Irregularly sampled seismic data interpolation via wavelet-based convolutional block attention deep learning

Abstract

Seismic data interpolation, especially irregularly sampled data interpolation, is a critical task for seismic processing and subsequent interpretation. Recently, with the development of machine learning and deep learning, convolutional neural networks (CNNs) are applied for interpolating irregularly sampled seismic data. CNN based approaches can address the apparent defects of traditional interpolation methods, such as the low computational efficiency and the difficulty on parameters selection.

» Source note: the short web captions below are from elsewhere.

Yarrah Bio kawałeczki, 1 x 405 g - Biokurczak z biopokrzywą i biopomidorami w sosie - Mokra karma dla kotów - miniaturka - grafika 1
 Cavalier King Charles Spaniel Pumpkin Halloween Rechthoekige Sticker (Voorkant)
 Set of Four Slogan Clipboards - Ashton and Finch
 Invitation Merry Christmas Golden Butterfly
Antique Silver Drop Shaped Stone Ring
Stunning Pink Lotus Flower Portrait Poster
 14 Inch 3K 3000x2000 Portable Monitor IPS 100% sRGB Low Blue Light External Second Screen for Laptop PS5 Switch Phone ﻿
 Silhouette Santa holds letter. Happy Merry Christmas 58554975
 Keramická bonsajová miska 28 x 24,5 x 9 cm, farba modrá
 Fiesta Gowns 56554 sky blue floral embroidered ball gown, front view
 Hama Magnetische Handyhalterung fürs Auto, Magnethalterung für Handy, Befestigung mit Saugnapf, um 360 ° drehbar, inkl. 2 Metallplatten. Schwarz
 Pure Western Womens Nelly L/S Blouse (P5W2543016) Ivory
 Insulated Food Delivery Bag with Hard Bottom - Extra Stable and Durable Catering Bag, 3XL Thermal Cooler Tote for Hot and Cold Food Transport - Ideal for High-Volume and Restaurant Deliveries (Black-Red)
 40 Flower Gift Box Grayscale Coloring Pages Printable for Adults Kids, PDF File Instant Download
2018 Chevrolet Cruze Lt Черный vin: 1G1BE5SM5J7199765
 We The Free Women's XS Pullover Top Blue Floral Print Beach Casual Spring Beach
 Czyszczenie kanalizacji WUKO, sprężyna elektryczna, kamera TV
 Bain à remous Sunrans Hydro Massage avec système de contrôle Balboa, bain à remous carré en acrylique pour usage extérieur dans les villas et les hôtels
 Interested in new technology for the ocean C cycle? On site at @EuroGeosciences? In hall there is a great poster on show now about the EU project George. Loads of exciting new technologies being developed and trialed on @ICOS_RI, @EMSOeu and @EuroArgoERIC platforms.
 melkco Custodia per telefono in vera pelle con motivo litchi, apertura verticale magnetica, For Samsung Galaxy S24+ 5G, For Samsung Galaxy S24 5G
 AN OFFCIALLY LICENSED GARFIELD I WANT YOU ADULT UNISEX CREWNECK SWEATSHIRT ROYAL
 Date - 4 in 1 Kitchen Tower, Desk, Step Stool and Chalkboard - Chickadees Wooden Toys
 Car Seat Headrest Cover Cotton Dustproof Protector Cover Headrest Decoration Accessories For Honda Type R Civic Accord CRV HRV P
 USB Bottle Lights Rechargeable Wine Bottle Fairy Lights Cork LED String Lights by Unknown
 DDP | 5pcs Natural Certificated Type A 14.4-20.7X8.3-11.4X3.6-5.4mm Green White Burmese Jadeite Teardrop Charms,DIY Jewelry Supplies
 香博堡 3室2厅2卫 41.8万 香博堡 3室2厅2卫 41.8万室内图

However, current CNN based methods only consider the temporal and spatial features of irregularly sampled seismic data, which fail to consider the frequency features of seismic data, i.e., the multi-scale features. To overcome these drawbacks, we propose a wavelet-based convolutional block attention deep learning (W-CBADL) network for irregularly sampled seismic data reconstruction. We firstly introduce the discrete wavelet transform (DWT) and the inverse wavelet transform (IWT) to the commonly used U-Net by considering the multi-scale features of irregularly sampled seismic data. Moreover, we propose to adopt the convolutional block attention module (CBAM) to precisely restore sampled seismic traces, which could apply the attention to both channel and spatial dimensions. Finally, we adopt the proposed W-CBADL model to synthetic and pre-stack field data to evaluate its validity and effectiveness. The results demonstrate that the proposed W-CBADL model could reconstruct irregularly sampled seismic data more effectively and more efficiently than the state-of-the-art contrastive CNN based models.